I have a question relating to coops and the rules that control how a sponsor may (and may not) vote its shares during a board election. I’ll spell out the scenario below, in case any of you want to take a crack, but I would appreciate any recommendations for reliable & reasonably-priced lawyers in Brooklyn or Manhattan.

Let’s assume that a coop has a 5-member Board. Let’s say that 1 of those is an automatic designee of the sponsor, and the other 4 are elected by the shareholders. The question is, what are the qualifications required of the 4 elected members. Specifically, is it legal for any of those 4 elected members to be employees of the sponsor?

(If you’re still reading, you’re probably enough a legal buff to want to know this tidbit, too: The Bylaws contain the famous, and famously vague, clause about “not exercising voting control” that led the to Rego Park, etc. case.)


Comments

  1. Winthrop, if you do have control of 3 of the seats you can always vote to expand the number of seats in order to increase the amount of shareholder participation.

  2. If the employees are also members of the co-op, they could stand for election as shareholders. Even sponsor nominated board members have a legal obligation to act in the best interests of the corporation, even if those interests conflict with those of their employer. A board that acts contrary to the interests of the corporation risks a lawsuit by the other shareholders.

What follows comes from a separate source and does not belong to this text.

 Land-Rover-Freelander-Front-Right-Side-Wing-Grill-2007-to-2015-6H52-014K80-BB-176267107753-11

  3. Been in this situation myself in two buildings in Manhattan, way back in the day. From what I remember, cm is correct. In both cases, we had to push the issue, long after five years had passed. In both cases, once the sponsor was down to two on the Board and could no longer swing every vote his way, he threw up his hands and said, I’m out! This building will go down in flames without me!

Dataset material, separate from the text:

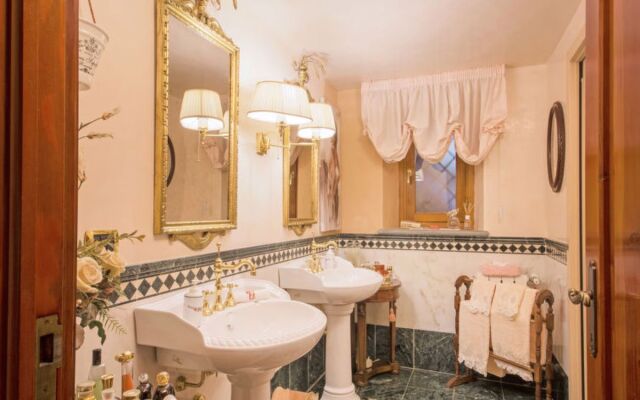 Villa Campo del Mulino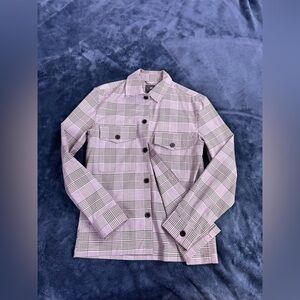 H&M button up shirt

    We bore the outrage stoically, elected an all-owner Board, fired his hand-picked managing agent, accountant, insurance agent, super, etc., and found in both cases that revenue was up and costs down once the sponsor was out of the way. The loss of control of the buildings also encouraged them to sell their remaining units, another plus.

    A lot of these sponsors have trouble adjusting their psychology from “landlord” to “sponsor.” Once they were out of the way, halls got painted, laundry machines fixed, roofs repaired, and so on.

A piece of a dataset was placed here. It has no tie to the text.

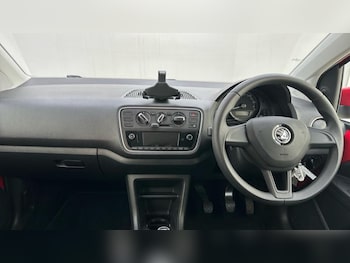 Used Skoda Citigo 2017 for sale - 77339891: Photo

  4. Interesting. So your understanding is that, so long as the election does not produce a Board on which employees of the sponsor make up a *majority,* the sponsor is within its rights?

    That would some kind of make sense, I suppose. It is frustrating though … the practical result is to reduce from 4 to 3 the number of seats that those of us who live in the building can compete for.

  5. Obviously you have to chack the corporations by-laws but typically the Sponsor cannot control the Board after 5 years regardless of the percentage of units sold. Therefore he or his representatives (i.e. employees) could not hold more than 2 seats of a 5 member board. However, the Sponsor has the absolute right to vote his share for any other qualified person so he can still exert influence if he finds sympathtic qualified nominees.